Hydropunctaria oceanica

Scientific classification
- Domain: Eukaryota
- Kingdom: Fungi
- Division: Ascomycota
- Class: Eurotiomycetes
- Order: Verrucariales
- Family: Verrucariaceae
- Genus: Hydropunctaria
- Species: H. oceanica
- Binomial name: Hydropunctaria oceanica Orange (2012)

= Hydropunctaria oceanica =

- Authority: Orange (2012)

Species of lichen

Hydropunctaria oceanica is a species of saxicolous (rock-dwelling) crustose lichen in the family Verrucariaceae. Described as new to science in 2012, it is a marine lichen. It forms thin, dark grey-brown to brown-black crusts on rock surfaces along the seashore, often in areas that receive occasional rainfall. It is characterised by its roughened surface texture, large cells, and distinctive reproductive structures. Although similar in appearance to the common littoral zone lichen Hydropunctaria maura, with which it often grows, H. oceanica is genetically distinct. At the time of its description, it was known to occur in Wales and southwestern Ireland.

==Taxonomy==

The lichen was formally described as a new species in 2012 by lichenologist Alan Orange. The type specimen was collected near Haverfordwest (Pembrokeshire, Wales), where it was found growing on siliceous rocks on the seashore. It has also been recorded in Ireland. The species epithet oceanica refers to its growth near the ocean. The lichen is similar in appearance, and often grows contiguously with the common and widespread littoral zone lichen Hydropunctaria maura, but is genetically distinct from that species.

==Description==

Hydropunctaria oceanica is a crustose lichen species with distinctive structural characteristics. The lichen begins with a whitish (initial growth stage) that lacks fringe-like extensions. Its main body (thallus) grows on the surface of its substrate, forming a thin layer anout 35–100 micrometres (μm) thick. The thallus appears dark grey-brown to brown-black, occasionally with a greenish tint. The surface of the thallus contains sparse to numerous cracks, though these rarely form distinct segments except in localizsed thicker areas. A distinct feature is the roughened surface texture created by indistinct dots or short, winding or branched ridges that are the same colour as the thallus. These surface features measure about 20–90 by 20–40 μm, though they are often too subtle to measure precisely. The thallus gradually becomes thinner toward its margins.

The outer protective layer contains light to moderately dense brown pigmentation that does not change colour when potassium hydroxide solution (K) is applied. The algal partner forms a distinct layer with cells measuring roughly 25–37 by 20–33 μm. Sometimes a thin, colourless layer of collapsed cells (epinecral layer) about 4 μm thick covers the surface, though its structure is difficult to discern. The photobiont cells themselves are relatively large, measuring 50–90 by 45–80 μm. The lower portions of the thallus range from colorless to brown, with few or no living photobiont cells. Densely pigmented areas (punctae) project upward from this basal layer into the photobiont layer. These contain dark red-brown pigment that turns dark grey-brown when potassium hydroxide is applied.

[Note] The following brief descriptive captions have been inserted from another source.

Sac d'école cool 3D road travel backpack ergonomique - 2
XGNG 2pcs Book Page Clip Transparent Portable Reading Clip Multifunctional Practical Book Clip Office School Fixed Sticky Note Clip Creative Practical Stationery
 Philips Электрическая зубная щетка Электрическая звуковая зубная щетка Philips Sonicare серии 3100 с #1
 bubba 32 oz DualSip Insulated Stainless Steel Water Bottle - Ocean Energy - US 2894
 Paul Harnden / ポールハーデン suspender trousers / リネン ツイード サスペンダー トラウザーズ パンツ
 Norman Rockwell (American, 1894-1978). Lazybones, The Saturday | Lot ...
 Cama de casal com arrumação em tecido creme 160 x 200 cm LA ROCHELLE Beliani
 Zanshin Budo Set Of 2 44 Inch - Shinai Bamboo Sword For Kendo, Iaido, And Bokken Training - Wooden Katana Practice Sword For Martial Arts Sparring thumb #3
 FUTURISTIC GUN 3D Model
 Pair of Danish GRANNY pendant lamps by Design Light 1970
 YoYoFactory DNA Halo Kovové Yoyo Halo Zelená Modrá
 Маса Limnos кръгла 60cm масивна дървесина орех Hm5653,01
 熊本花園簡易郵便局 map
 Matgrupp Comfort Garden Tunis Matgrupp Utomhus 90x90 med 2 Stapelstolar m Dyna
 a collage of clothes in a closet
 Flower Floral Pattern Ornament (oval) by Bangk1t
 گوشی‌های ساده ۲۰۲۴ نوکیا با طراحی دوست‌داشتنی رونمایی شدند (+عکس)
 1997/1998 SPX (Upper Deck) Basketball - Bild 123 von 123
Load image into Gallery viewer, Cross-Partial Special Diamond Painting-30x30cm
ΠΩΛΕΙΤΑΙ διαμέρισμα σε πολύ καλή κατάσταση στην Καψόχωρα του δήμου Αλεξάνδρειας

The reproductive structures (perithecia) form prominent conical to hemispherical projections measuring 260–500 μm in diameter. The lower portions of these projections share the roughened texture of the thallus, while the upper portions are smooth and either match the thallus colour or appear black. The apex is rounded or slightly flattened, with the opening (ostiolar region) being inconspicuous and of the same colour. Inside, the perithecia have a well-developed protective covering (involucrellum) that merges with the dark basal tissue. The inner spore-producing chamber measures 170–210 μm in diameter. The spore sacs (asci) each contain 8 spores and measure approximately 45–82 by 18–29 μm. The spores are oblong-ellipsoid in shape, measuring approximately 135–165 μm long by 70–80 μm wide, with a length-to-width ratio of about 18-23:1.

==Habitat and distribution==

Hydropunctaria oceanica occupies seashore environments, growing on rock surfaces with gentle to steep inclines. It often inhabits areas that receive occasional light moisture from rainfall. The species typically grows alongside Hydropunctaria maura and sometimes coexists with H. orae. At the time of its original publication, its confirmed distribution was limited to four localities in the British Isles: three sites in Wales and one in southwestern Ireland.